Add romanize to your pubspec.yaml dependencies:

dart pub add romanize
dart pub get

Usage #

Import the package:

import 'package:romanize/romanize.dart';

Romanize Text #

The romanize method automatically detects and romanizes each word separately, making it perfect for multi-language text:

// Multi-language text - each word is detected and romanized independently
final text = 'δ½ ε₯½ Hello μ•ˆλ…•';
final romanized = TextRomanizer.romanize(text);
print(romanized); // ni hao Hello annyeong

// Single language text also works
final koreanText = 'μ•ˆλ…•ν•˜μ„Έμš”';
final koreanRomanized = TextRomanizer.romanize(koreanText);
print(koreanRomanized); // annyeonghaseyo

It will fail to detect multiple languagues if they are not separated by spaces.

Detect Language #

Detect the first language present in the text:

final romanizer = TextRomanizer.detectLanguage('μ•ˆλ…•ν•˜μ„Έμš”');
print(romanizer.language); // korean

Or detect all languages present in the text:

final romanizers = TextRomanizer.detectLanguages('μ•ˆλ…• Hello δ½ ε₯½ ΠŸΡ€ΠΈΠ²Π΅Ρ‚ ΠΌΠΈΡ€');
print(romanizers.map((r) => r.language)); // {korean, chinese, cyrillic}

Specify Language #

When using TextRomanizer.romanize, the language detection may not always be accurate.

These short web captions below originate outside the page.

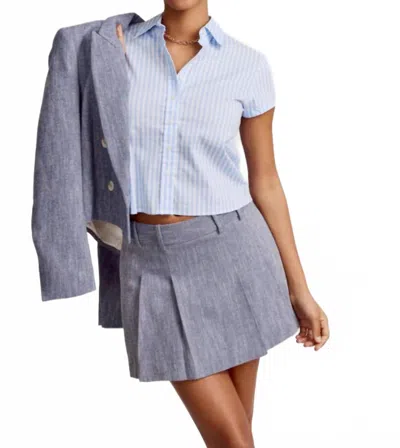 The Shirt Boxy Crop Shirt In Sky Blue Check In Multi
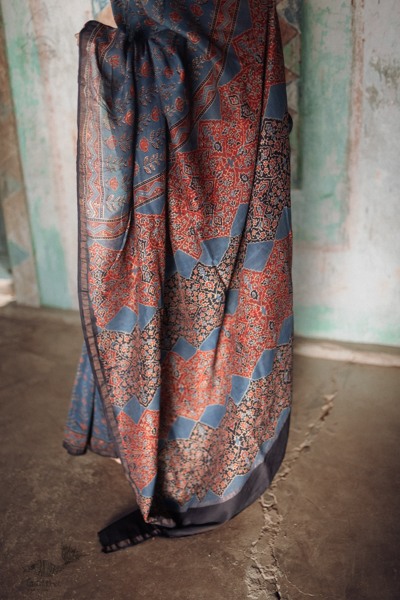 Ajrakh Silk Cotton Hand Block Printed Saree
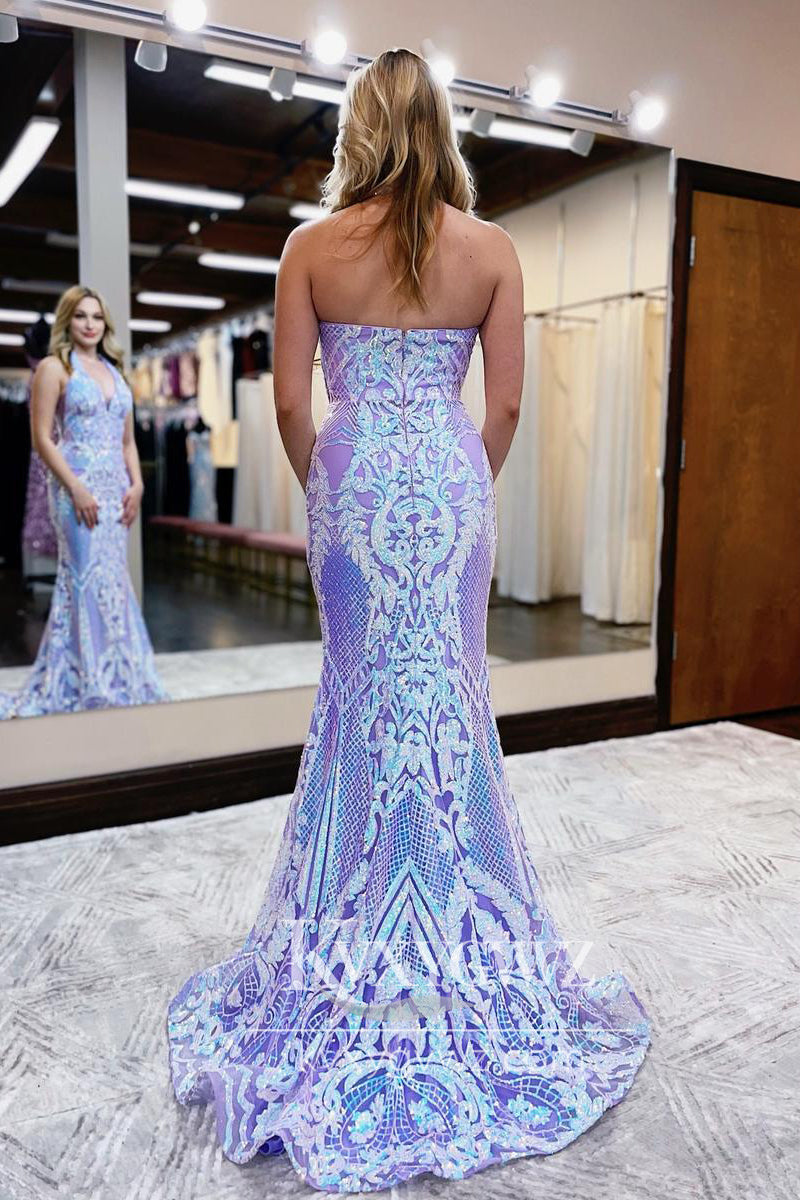 Charming Mermaid Halter Evening Gown Lavender Sequin Lace Long Prom Dress with Train LF712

In such cases, you can specify the language directly:

final japaneseText = 'こんにけは';
final japaneseRomanizer = TextRomanizer.forLanguage('japanese');
print(japaneseRomanizer.romanize(japaneseText)); // konnichiwa

Or you can instantiate the romanizer directly:

final chineseText = 'δ½ ε₯½';
final chineseRomanizer = ChineseRomanizer(toneAnnotation: ToneAnnotation.mark);
print(chineseRomanizer.romanize(chineseText)); // nǐ hǎo

Some romanizers have additional options. For example, the ChineseRomanizer has the toneAnnotation option to specify the tone annotation to use.

Load resources #

Pre initialize the resources:

await TextRomanizer.ensureInitialized();

This initializes all the necessary resources, such as the Japanese and Chinese dictionaries. This operation is expensive and should be done, preferably, on another isolate. On the web platform, prefer server side initialization.

Supported Languages #

  • Korean (ν•œκ΅­μ–΄)
  • Japanese (ζ—₯本θͺž) - Using kuromoji for Kanji conversion and kana_kit for Kana and Katakana conversion
  • Chinese (δΈ­ζ–‡) - Using pinyin for Pinyin conversion (Simplified and Traditional)
  • Cyrillic (ΠšΠΈΡ€ΠΈΠ»Π»ΠΈΡ†Π°) - Custom transliteration for Russian, Ukrainian, Serbian, and more
  • Arabic (Ψ§Ω„ΨΉΨ±Ψ¨ΩŠΨ©) - Custom transliteration based on ISO 233 and DIN 31635
  • Hebrew (Χ’Χ‘Χ¨Χ™Χͺ) - Custom transliteration based on ISO 259-2

API Reference #

TextRomanizer #

Main class for romanizing text.

Static Methods

  • ensureInitialized() - Ensures that all resources are loaded and initialized.
  • romanize(String input) - Processes each word separately, auto-detecting and romanizing each word. Perfect for multi-language text.
  • detectLanguage(String input) - Detects the first matching language and returns the corresponding Romanizer. Returns EmptyRomanizer if no match is found.
  • detectLanguages(String input) - Detects all matching languages and returns a Set<Romanizer>. Returns empty set if no matches are found.
  • forLanguage(String language) - Returns a Romanizer for the specified language. Throws UnimplementedError if not found.
  • forLanguageOrNull(String? language) - Returns a Romanizer? for the specified language, or null if not found.
  • supportedLanguages - Returns a list of all supported language names.

Romanizer #

Interface for language-specific romanizers.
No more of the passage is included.